8 Şubat 2018 tarihinden beri haksız bir şekilde Bolu F Tipi Cezaevinde tutuklu bulunan Muhterem Alparslan Kuytul Hocaefendi’nin, 16 Ağustos 2019 tarihinde ailesi ile yapmış olduğu telefon görüşmesinin ses kaydı yayında…

Alparslan Kuytul Hocaefendi’nin, Cezaevinden YENİ SES KAYDI | 16 Ağustos 2019

Alo Selamun Aleykum, Ben Alparslan Kuytul…

Nasılsın iyi misin? Elhamdülillah ben de iyiyim. Bu, telefon yasağından sonra ilk konuşmamız değil mi? Mahkeme bizi haklı buldu. Verilen kararın yanlış olduğu zaten meydandaydı. İtiraz etmişlerdi, şimdi ağır ceza mahkemesinde itirazı da kazandık. İşte telefon edebiliyoruz. Gelen habere göre bana yine, “böyle bir hakkın yok” dediler. Şimdi tekrar, “gidin sorun” dedim. Sordular o şekilde konuşabiliyorum.

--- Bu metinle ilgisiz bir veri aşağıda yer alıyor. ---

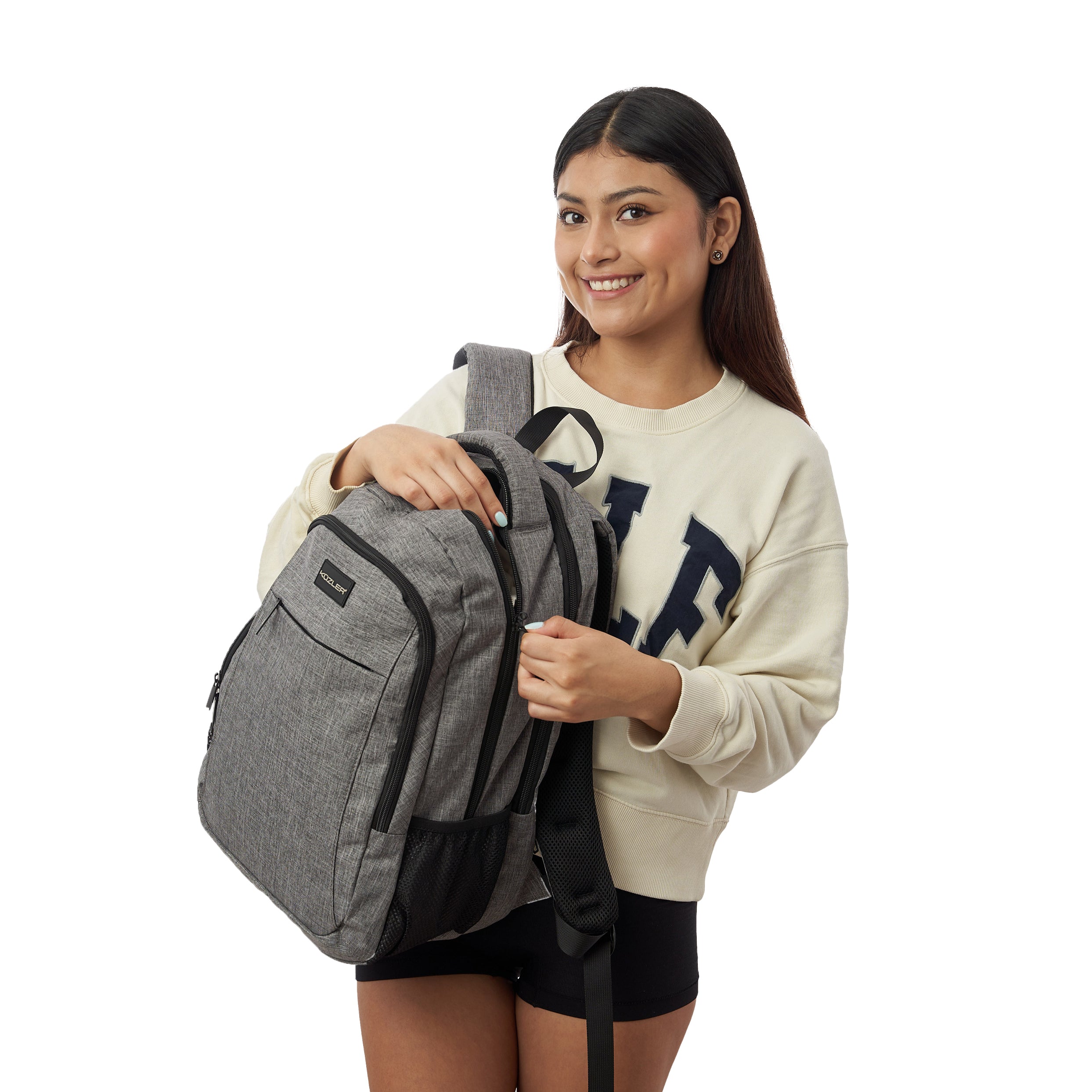 Mochila laptop 15.6" con cargador y bolsillo antirrobo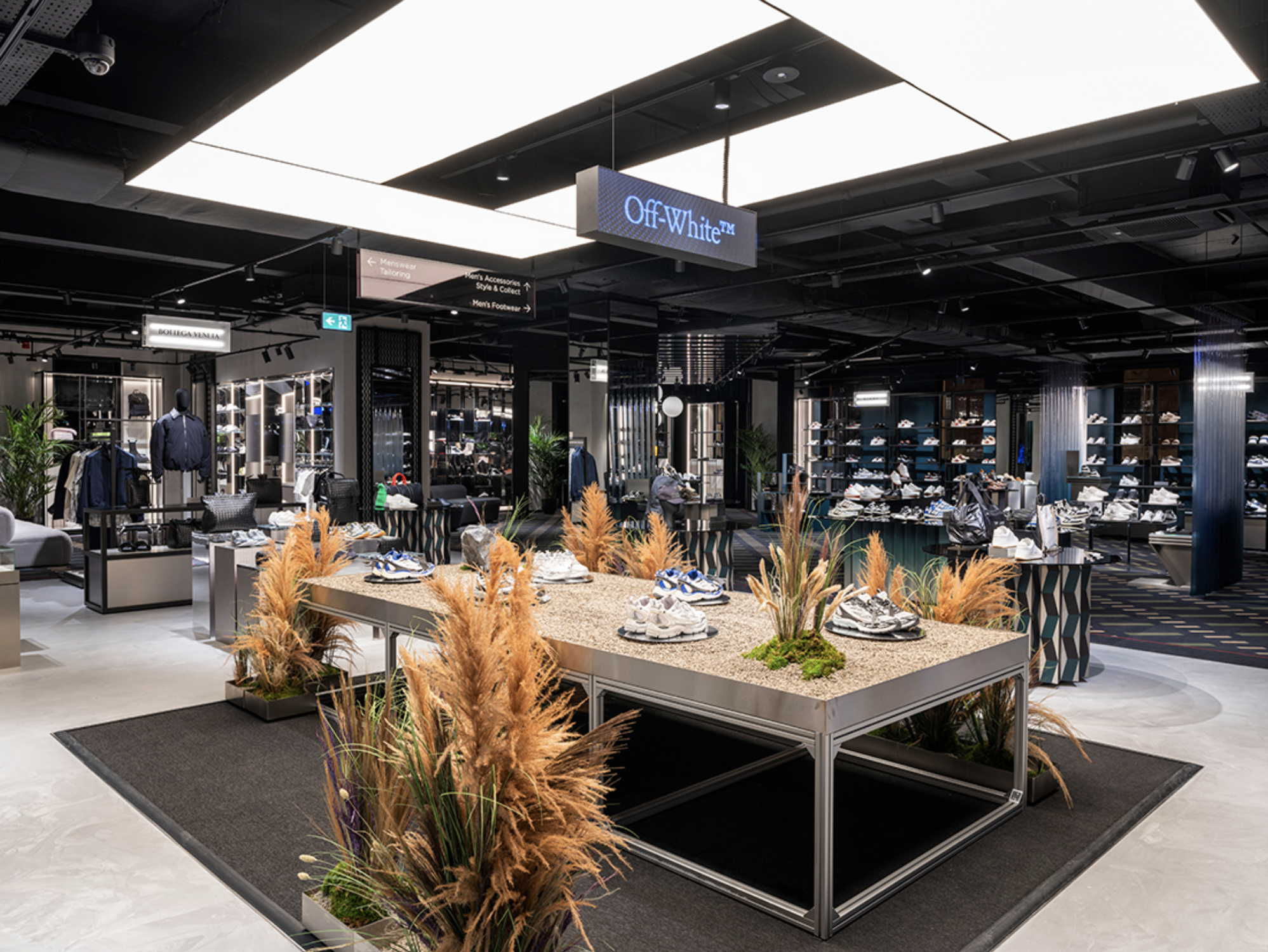 flannels luxury store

 Annem, çocuklar herkes iyi mi? Allah iyilik versin.

ALLAH DOĞRU İLE BERABER

Bir ayet aklıma geldi. İbrahim suresinde Allah-u Teala buyuruyor: “Gerçek şu ki onlar hileli düzenler kurdular oysa onların düzenleri dağları yerinden oynatacak da olsa Allah katında onlara hazırlanmış düzen vardır.” Herkes kendi düzenini kuruyor ama Allah hesapta yok. Allah’ın düzeni galip gelir. İnsanlar bunu hesaba katmıyor kendi planlarının yürüyeceğini zannediyorlar. Sonuçta Allah’ın dediği oluyor. Allah doğru ile beraber…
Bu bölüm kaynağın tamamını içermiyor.